After trekking across the universe for director J.J. Abrams and globe trotting as part of the Mission: Impossible team, British character actor and self confessed fan boy Simon Pegg retimes with Shaun of the Dead and Hot Fuzz director Edgar Wright and fellow thespian Nick Frost for the final epic chapter of the Three Flavours Cornetto Trilogy, The World’s End. I was lucky enough to have 12 minutes carved out of non-stop press tour to chat with Mr. Pegg regarding his stroll down the golden mile.

Fletcher: The World’s End comes along six years after Hot Fuzz and marks the end of the Cornetto Trilogy, 9 years since its launch with Shaun of the Dead. Was there ever a plan or a timeline that Nick, Edgar and yourself were trying to work to?

Simon Pegg: We never planned to make a trilogy really; it just sort of became a trilogy when we had an opportunity to make 3 semantic sequels.

We always thought Hot Fuzz would be a semantic sequel to Shaun of the Dead, but we didn’t know we’d get a chance to make a third, and when that chance arose, it felt right that we should tie them toothier in certain ways so that they can be viewed as 3 films.

F: So when was the concept of The Worlds End first born?

SP: We had a rough idea on the Hot Fuzz press tour back in 2007. The pub-crawl, and the idea of going back to your hometown and it being a bit weird. In this case, being weird for a particular reason. But we had to film Paul and Scott Pilgrim vs.
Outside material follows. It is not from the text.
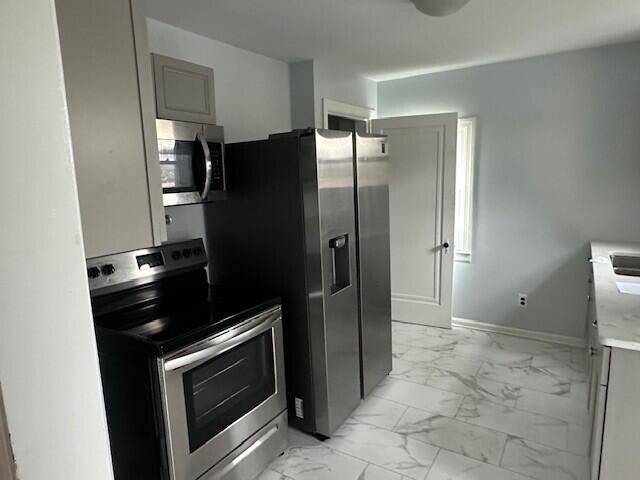 34 36th Street SW Grand Rapids MI 49548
The World first, which I’m kind of glad we did in a way, because I don’t think we could’ve written this movie that well at that time. There were certain experiences we needed under our belt, and a bit of maturity we needed to attain, in order to write this movie.

F: Is it true that the Cornetto trilogy tag originated from a journalist making a passing comment about noticing a cornetto in Shaun of the Dead?

SP: In Shaun of the Dead, Edgar Wright thought a cornetto would make a good hangover cure so we put it in. Then someone said, “is there going to be a Cornetto in all your films?” And we jovially said “yes” and so it became the Three Colours Cornetto trilogy- like Krzystof Kieslowski- making a joke, then it kind of stuck and became a thing. And we went along with it. 

When it came time to write the third film, we realised that it was indeed a sort of unifying element, and that it would be a shame not to include it this time around. So yeah, loosely, you can bind them together with an ice cream, but there are lots of other things that bind them.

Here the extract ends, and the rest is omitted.